The wave structure has once again shifted in favor of the bulls—only to reverse back immediately. At the moment, the last upward wave broke above the highs of the two preceding waves, but the most recent downward wave broke all previous lows. Therefore, the trend can again be considered "bearish." However, the information background played a significant role in supporting the bears. If sentiment shifts against them in the near future, we could see an equally strong upward wave, and the trend may once again become "bullish." The situation remains ambiguous and largely depends on this week's news flow.
On Tuesday, the news background did not influence trader sentiment, but today's market conditions will be different. This evening marks the conclusion of the Fed's two-day meeting, at which monetary policy parameters are expected to remain unchanged. The FOMC currently has no grounds to even consider lowering interest rates, especially since the next labor market report will be released this Friday and the next inflation report in mid-August. These two indicators remain closely monitored by the Fed, while President Trump's calls for immediate rate cuts continue to be ignored. Therefore, unless we see critical changes in these two data points, changes in monetary policy should not be expected. For the dollar, this Fed stance may prove quite beneficial, since any policy easing is a bearish factor. In the absence of easing or even plans to ease, the dollar may continue to rise—aligning with the current technical outlook.
On the 4-hour chart, the pair generally continues its decline and has completed a new reversal in favor of the U.S. currency. Consolidation below the 1.3378–1.3435 support zone allows traders to count on further decline toward the next 76.4% retracement level at 1.3118. No imminent divergences are observed from any indicator today. A consolidation above the 1.3378–1.3435 zone would shift the market's attack vector in the opposite direction.
Commitments of Traders (COT) Report:
The sentiment of the "Non-commercial" trader category became significantly less bullish over the latest reporting week. The number of long positions held by speculators decreased by 7,220, while the number of short positions increased by 21,401. Bears have started retreating sharply, possibly due to the rising appeal of the dollar amid Washington's trade deal successes. The gap between long and short positions is now virtually zero: 93,000 vs. 93,000.

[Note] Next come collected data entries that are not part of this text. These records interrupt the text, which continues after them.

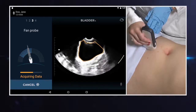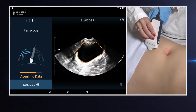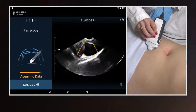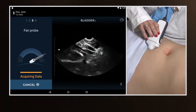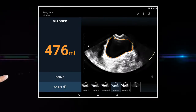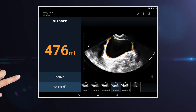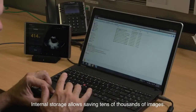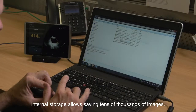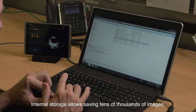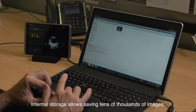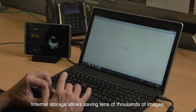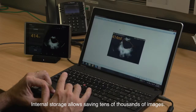The device can be configured to suit the needs of your individual clinical practice with various cloud and EMR connectivity options. An internal storage option allows you to save tens of thousands of images.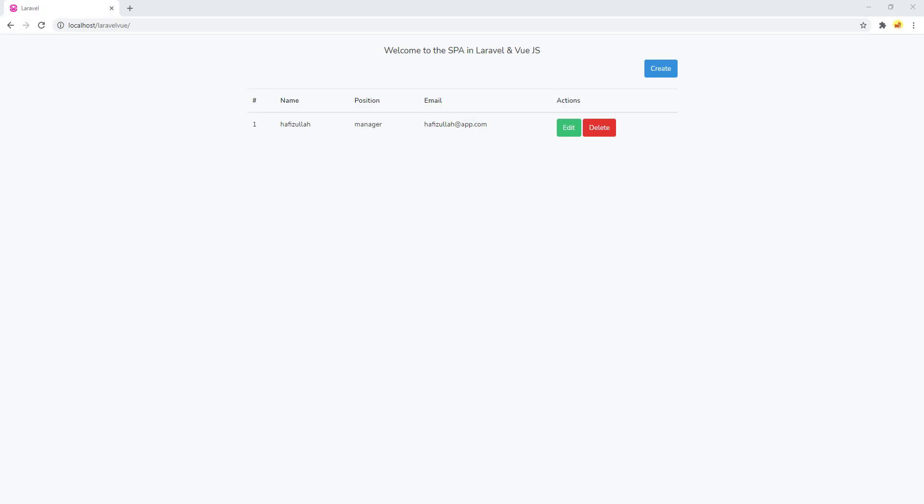Hello everyone, welcome back to my channel Code with Afees. Today I'm going to show you how to perform the delete functionality in single page applications using Laravel and Vue.js frameworks. So guys, let's start. For the delete functionality, I want to use a modal, so I will install a package.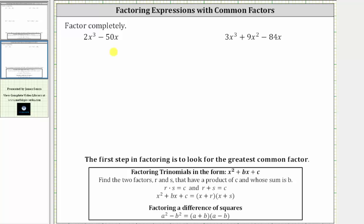We want to factor the given expressions completely. It's important to remember the first step in factoring is always to look for the greatest common factor. So for the first expression, 2x cubed minus 50x, we should not start by looking for a difference of squares or a difference of cubes. We should start by looking for the greatest common factor between 2x cubed and 50x, and the greatest common factor between the two terms is 2x.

In my view, the pound still has downward potential. The news background for the dollar was extremely negative in the first six months of the year, but it is slowly turning more favorable. Trade tensions are easing, major deals are being signed, and the U.S. economy is set to recover in the second quarter thanks to tariffs and various types of investment into the U.S.
Economic calendar for the U.S. and UK:
On Wednesday, the economic calendar includes four key releases. The impact of the news background on trader sentiment will likely be strong in the second half of the day.
GBP/USD Forecast and Trading Advice:
Selling the pair was possible after it closed below the 1.3425 level on the hourly chart, and later after a close below the 1.3378–1.3435 support zone on the 4-hour chart. Thus, short positions can currently be held with a target of 1.3258. Long positions can be opened if the pair closes above the 1.3357–1.3371 zone on the hourly chart, with targets at 1.3425 and 1.3470.
Fibonacci level grids are built from 1.3371–1.3787 on the hourly chart and from 1.3431–1.2104 on the 4-hour chart.